Peter Rhodes: Bring back the pound note
CRACKED coins, Maggie's wobble and humble pie at Oxford
YESTERDAY was an election day for councils all over the land. Radio and television duly abided by their broadcasting rules which forbid political coverage while voting is in progress. The newspapers, bound by no such rules, carried on as normal. But the distinctions between printed and broadcast media are crumbling. If you get your news over the internet you would have found the BBC website carefully avoiding UK politics yesterday while the Daily Telegraph website, just a couple of clicks away, was in full-on election mode, reporting Theresa May accusing Brussels of trying to influence the General Election. Very odd.
TO add to the silliness, although Auntie Beeb stuck to the rules in order that voters' minds might not be polluted by the cut and thrust of UK politics, she delivered endless coverage of the cut and thrust of French politics. Bizarre, n'est ce pas?
THE new £1 coin is causing problems, with some being cracked, misshapen or with the middle part missing. If £1 notes work perfectly well in Scotland, Northern Ireland and Jersey, why on earth can't we restore them in England?
VINCE Cable, Simon Hughes and Edward Davey are three Lib-Dem knights accused of dropping the “Sir” while on the campaign trail, to make them appear more commonplace. If so, then Vinnie, Symie and Teddy are by no means the first. I recall a delightful old chap who was a Tory Member of the European Parliament in the 1980s. He answered to the rather grand name of John de Courcy Ling, except during elections when he was plain John Ling.
SO far in this campaign, Theresa May has been spared a wobble crisis. Margaret Thatcher's Wobbly Thursday fell during the 1987 General Election campaign when, hit by raging toothache and a sudden slump in the opinion polls, the Iron Lady suddenly feared she might lose the election. Polls are volatile and scary things and it would be surprising if Mrs May didn't have a moment like that in the weeks to come. PS: Wobble or not, Thatcher was returned with a majority of 102 seats.

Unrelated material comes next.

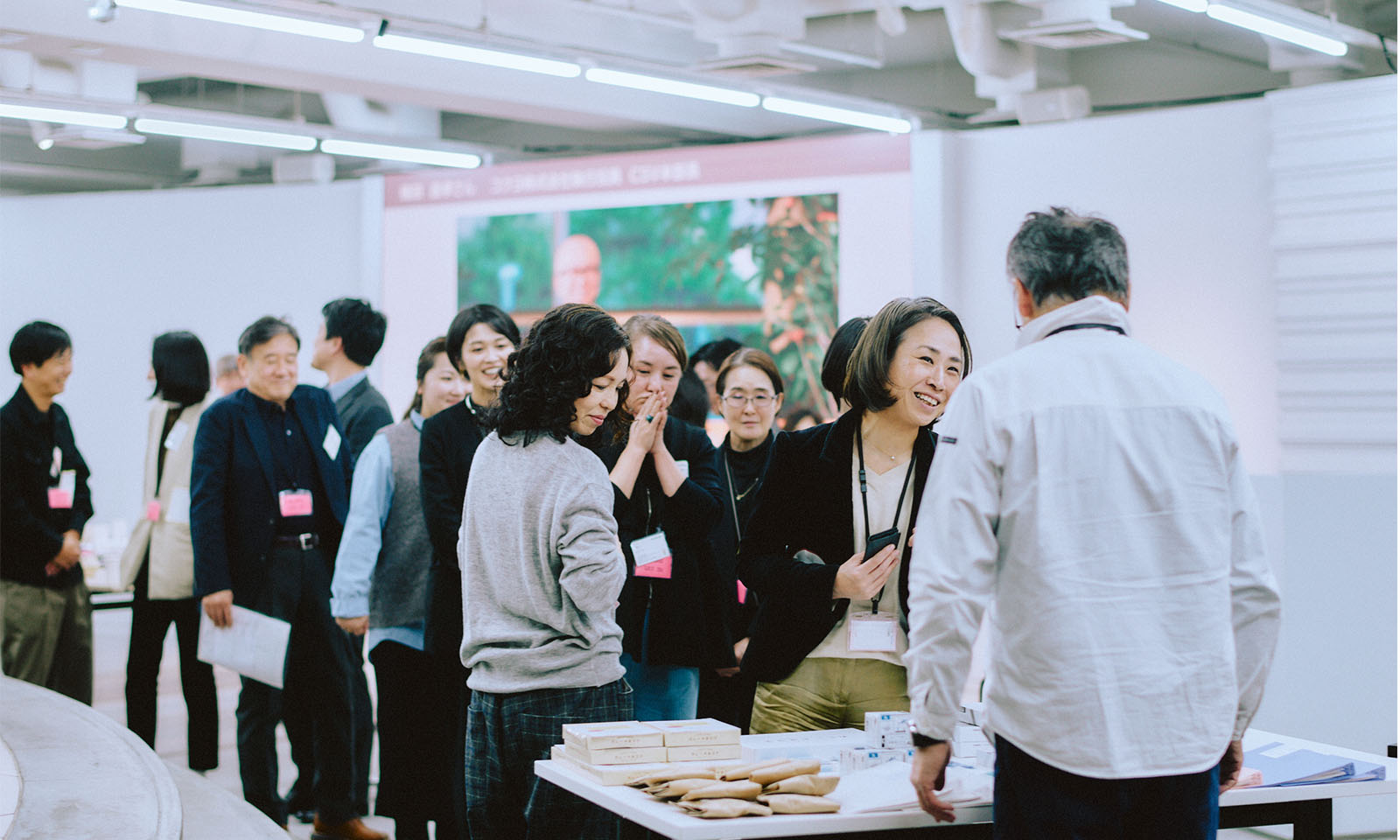 （ALT始まり）帰り際、お土産を受け取るため列になって並びながら会話を楽しむ参加者たち。打ち解けた雰囲気でリラックスしている表情が見える。（ALT終わり）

OXFORD University's Equality and Diversity Unit sternly advised students in a newsletter that avoiding eye contact could be regarded as a form of racism (“a racial microaggression” ) which can lead to “mental ill-health”. The unit was forced to issue a humiliating retraction when readers pointed out that autistic people can find it hard to make eye contact. There are few funnier sights than the holier-than-thou dining on humble pie.
OUR old tabby has shed his winter weight. He celebrated his new-found agility this week by killing and eating two grey squirrels which would otherwise be devouring the eggs and fledglings of our local songbirds. The domestic cat – sinner or saviour? Discuss.
WE'RE off to Scotland later this month. As anyone will tell you, Scotland can be glorious in May. The snag is that the glory may have started a wee bit early. The Highlands have been bathed in sunshine this week and, realistically, what are the odds of it staying fine for three more weeks? I fear we will arrive to that traditional Scottish greeting: “Och, you've just missed a lovely fortnight.”